The family of a mentally ill Black man who died after South Carolina jail employees repeatedly stunned him and then kneeled on his back until he stopped breathing is still seeking criminal charges a year later.
Relatives for Jamal Sutherland have repeatedly asked South Carolina Attorney General Alan Wilson to consider prosecuting the Charleston County guards who restrained Sutherland shortly before his death, but his office hasn’t take action, said attorney Carl Solomon at a news conference Thursday.
Ninth Circuit Solicitor Scarlett Wilson had announced last July that the jail deputies wouldn’t face charges due to their poor training. Scarlett Wilson called the deputies’ actions “damning,” but said she couldn’t prove the guards intended to kill Sutherland, who at the time was refusing to go to his bond hearing on a misdemeanor charge.
Scarlett Wilson said at the time that she had already invited the U.S. Department of Justice to look into the case and would not interfere with any review by federal authorities or the state Attorney General’s Office.

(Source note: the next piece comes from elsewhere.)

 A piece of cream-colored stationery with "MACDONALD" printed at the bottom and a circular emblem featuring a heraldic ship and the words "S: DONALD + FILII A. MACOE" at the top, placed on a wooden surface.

Solomon and prominent civil rights attorney Benjamin Crump were joined Thursday in Charleston by relatives of George Floyd, Ahmaud Arbery and Daunte Wright, all Black men killed by white people and whose families Crump has represented.

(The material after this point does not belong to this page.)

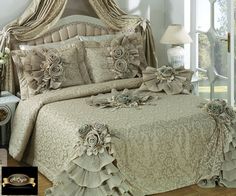 a large bed covered in lots of ruffles and flowers next to a window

Crump has drawn parallels between Sutherland’s death and those of Floyd’s and Arbery’s, which were also caught on camera.
“This family here — it’s another sad day in this world, because we still have to deal with these tragedies,” said Marcus Arbery, Ahmaud’s father. ”It’s just like it ain’t never going to stop, but we the people, we’ve got to keep fighting.”
Robert Kittle, a spokesman for the Attorney General’s office, said the agency was aware of only one request to review the case from September. In a response to that request, Alan Wilson wrote that his office had acknowledged the local prosecutor’s report and was also in contact with federal prosecutors in South Carolina who had intended to review the report and its findings.
“The office of the Attorney General is reluctant to review a case that will be reviewed by two sovereign prosecution agencies who are both well qualified and professional in conducting investigations of this nature,” Alan Wilson wrote. “We … defer to their findings in this matter.”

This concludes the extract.